Plus500 (LSE:PLUS) experienced a remarkable increase in its share price during 2018 due to profit surges and an increase in market share. However, the recent warning about profits caused a 32% decline in the company’s value. So, was the sell-off an overreaction or are there still further headwinds for the Plus500 stock?
ESMA (European Securities and Markets Authority)
The European regulatory changes imposed by ESMA had an immediate impact on the share prices of IG Group and CMC Markets. Capped leverage, negative balance protection, and restricted products were all supposed to put pressure on broker profits. However, while the value of rivals faltered, Plus500 continued to thrive.
With a peak of over 2000p, the share price was buoyed by consistent profit growth and an attractive dividend offer. However, those who shorted the stock held their ground.

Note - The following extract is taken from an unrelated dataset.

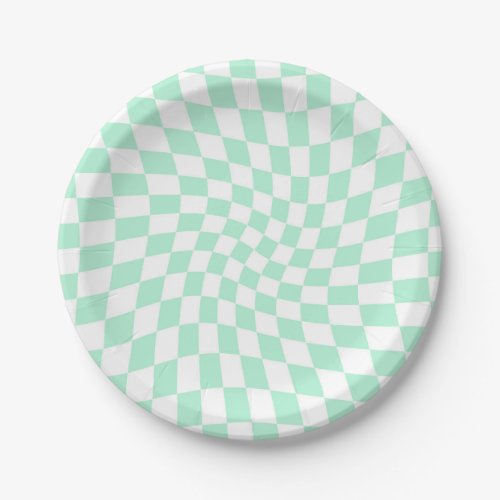 Retro Pastel Mint Green Checks Warped Checkerboard Paper Plates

The short sellers were ultimately rewarded when Plus500 warned in the autumn of 2018 that its 2019 profits would be below expectations. The share price dropped to an 11-month low, testing support at around 1200p.
Analysts Remain Optimistic
Analysts quickly revised their price targets down from mid-2000 forecasts to around 1700 to 1800. However, that still represents an upside from the current levels.
Many believe that Plus500 has weathered the ESMA storm and has figures that prove it is more resilient than its rivals.
The ESMA rules only affect retail trader accounts. Professional accounts are exempt, as the regulator feels that more experienced traders should be able to opt-out of the protection and manage their own risk.